Thursday, April 21, 2011

Most Words Count

The following was first posted on http://whitewagonfarm.wordpress.com on 12/7/10:

I flipped the cover of my Red n’ Black spiral notebook closed.  It was 2:14 a.m.  I had just written the final words of my novel.

Stunned, I looked around the empty room.  Whom could I tell?  The dogs were asleep in their crates.  Pat was out of town.  My friends in Asia would be awake, but I doubted if any of them would care.

Maybe I’d wait until it was typed before I said anything.  Then I’d know word count.  Then I could casually drop it into conversation:  “You know, I just finished my 47,000-word piece….”

The next day I spent hours keying and, yes, editing my handwritten and often indecipherable text into Word.  I really wanted to know the final word count – 46,607 – almost as much as I wanted to finish the process.  “Back when I wrote my first novel…” has a nice ring to it.

By the following day I wandered around not knowing what to do.  I had promised not to edit my manuscript for at least a month, preferably two.  Maybe I could print a clean copy.  But all my printers had run out of ink printing the draft copies I had been producing daily for the past couple of months.

I dithered.  I dilly-dallied.  I practiced piddling.  I picked up several of the books I’d set aside to read after I finished writing.  Every line I read reminded me of the utterly pedestrian prose I’d just written.  All 46,607 words of it.

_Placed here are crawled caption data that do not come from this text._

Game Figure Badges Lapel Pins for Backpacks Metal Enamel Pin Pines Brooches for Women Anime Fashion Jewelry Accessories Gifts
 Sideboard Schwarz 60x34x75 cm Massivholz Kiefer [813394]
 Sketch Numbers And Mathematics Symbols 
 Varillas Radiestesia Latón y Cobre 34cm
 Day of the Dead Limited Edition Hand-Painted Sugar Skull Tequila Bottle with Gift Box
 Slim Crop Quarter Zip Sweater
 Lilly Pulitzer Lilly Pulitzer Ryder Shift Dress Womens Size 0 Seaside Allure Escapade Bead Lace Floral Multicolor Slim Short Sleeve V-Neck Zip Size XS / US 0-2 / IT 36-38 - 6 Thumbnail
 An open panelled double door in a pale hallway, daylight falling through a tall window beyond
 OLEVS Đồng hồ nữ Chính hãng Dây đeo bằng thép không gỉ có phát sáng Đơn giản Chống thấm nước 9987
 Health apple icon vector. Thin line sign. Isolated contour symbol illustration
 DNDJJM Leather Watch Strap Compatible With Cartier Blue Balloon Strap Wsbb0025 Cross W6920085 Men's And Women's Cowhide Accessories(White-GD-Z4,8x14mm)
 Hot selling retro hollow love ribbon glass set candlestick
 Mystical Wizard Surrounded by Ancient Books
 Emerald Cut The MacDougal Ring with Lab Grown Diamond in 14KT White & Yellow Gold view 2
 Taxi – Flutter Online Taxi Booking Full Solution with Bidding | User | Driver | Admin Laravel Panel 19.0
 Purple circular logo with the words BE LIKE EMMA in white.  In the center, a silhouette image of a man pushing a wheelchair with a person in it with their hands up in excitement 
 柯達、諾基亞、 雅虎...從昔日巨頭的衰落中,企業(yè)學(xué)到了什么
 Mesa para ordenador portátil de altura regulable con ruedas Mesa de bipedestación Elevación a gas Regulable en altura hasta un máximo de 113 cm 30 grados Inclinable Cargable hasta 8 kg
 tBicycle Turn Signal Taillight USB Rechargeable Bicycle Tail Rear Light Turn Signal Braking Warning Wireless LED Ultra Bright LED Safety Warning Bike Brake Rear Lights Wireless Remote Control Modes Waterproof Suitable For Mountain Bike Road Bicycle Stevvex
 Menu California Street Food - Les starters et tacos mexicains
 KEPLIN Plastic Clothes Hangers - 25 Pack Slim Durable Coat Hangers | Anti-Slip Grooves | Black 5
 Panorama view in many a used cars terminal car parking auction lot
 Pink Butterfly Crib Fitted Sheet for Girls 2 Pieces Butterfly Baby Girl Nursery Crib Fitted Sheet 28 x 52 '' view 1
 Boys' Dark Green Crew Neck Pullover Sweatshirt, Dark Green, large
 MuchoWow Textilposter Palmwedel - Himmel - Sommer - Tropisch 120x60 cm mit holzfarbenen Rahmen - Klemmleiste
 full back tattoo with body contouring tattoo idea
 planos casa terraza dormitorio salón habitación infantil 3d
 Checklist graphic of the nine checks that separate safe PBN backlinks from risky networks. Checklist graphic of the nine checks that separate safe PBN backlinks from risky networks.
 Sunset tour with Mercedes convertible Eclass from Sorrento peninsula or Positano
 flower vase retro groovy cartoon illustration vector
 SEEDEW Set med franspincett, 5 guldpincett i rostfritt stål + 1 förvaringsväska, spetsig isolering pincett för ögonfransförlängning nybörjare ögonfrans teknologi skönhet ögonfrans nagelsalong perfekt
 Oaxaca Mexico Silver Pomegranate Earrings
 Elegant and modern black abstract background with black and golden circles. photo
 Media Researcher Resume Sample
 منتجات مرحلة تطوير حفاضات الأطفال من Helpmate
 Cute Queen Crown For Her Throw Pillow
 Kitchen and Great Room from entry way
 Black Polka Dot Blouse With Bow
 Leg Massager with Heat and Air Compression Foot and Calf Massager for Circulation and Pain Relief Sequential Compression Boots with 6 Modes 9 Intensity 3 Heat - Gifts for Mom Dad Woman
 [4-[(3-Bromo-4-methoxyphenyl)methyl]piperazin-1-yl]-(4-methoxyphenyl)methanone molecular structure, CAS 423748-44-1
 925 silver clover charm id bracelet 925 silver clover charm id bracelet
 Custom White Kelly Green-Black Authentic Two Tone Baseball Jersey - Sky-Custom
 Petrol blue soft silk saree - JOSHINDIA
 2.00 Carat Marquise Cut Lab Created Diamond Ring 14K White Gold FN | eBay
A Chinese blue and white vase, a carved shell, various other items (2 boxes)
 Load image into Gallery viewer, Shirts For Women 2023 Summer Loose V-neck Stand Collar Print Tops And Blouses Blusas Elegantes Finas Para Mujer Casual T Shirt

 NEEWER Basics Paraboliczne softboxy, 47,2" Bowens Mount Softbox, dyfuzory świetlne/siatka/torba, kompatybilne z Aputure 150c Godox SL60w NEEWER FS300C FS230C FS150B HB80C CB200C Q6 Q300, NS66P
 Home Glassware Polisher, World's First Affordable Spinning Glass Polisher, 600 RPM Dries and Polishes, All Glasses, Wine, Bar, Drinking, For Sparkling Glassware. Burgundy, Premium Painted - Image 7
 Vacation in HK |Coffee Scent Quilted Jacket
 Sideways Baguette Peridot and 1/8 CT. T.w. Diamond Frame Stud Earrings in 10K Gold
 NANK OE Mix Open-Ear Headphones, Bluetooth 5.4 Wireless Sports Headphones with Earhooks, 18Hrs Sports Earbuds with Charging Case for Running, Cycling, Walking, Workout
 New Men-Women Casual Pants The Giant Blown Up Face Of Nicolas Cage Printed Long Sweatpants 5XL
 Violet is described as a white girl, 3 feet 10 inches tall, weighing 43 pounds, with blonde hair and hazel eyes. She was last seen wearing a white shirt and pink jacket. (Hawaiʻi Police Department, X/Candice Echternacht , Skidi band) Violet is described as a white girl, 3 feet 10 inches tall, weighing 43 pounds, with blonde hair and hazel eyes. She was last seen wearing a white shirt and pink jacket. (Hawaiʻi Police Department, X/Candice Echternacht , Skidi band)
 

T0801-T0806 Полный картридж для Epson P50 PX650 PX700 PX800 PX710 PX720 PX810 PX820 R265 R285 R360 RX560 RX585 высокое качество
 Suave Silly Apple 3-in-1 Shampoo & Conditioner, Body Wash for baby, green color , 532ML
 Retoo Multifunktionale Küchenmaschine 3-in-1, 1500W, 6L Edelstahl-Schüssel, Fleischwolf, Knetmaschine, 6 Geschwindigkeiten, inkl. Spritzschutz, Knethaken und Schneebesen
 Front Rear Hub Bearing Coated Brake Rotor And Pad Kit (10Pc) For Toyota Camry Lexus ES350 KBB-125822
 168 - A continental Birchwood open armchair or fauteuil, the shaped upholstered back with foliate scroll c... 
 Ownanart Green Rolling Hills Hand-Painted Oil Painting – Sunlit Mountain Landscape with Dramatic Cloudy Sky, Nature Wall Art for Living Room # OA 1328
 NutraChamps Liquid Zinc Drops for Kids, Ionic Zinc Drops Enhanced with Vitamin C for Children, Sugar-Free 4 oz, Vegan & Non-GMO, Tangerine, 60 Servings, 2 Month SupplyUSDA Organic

(What an odd scorecard anyway.  Does a painter count brushstrokes?  Did Monet ever say, “Look at that top right corner.  It took me 364 strokes to get that color and texture.”?  Did Mozart count notes?  OK, OK.  I do tend to run away with myself when I’m searching.)

After fiddling with my mp3 player I did laundry.  I ate frozen pears.  I surfed the Overstock.com pages for something I couldn’t live without.  I ordered the Waterman pen I promised myself as a reward for finishing the novel.

Then I picked up my Black n’ Red notebook and my Pilot V-Ball pen.  I’m already up to 352 words.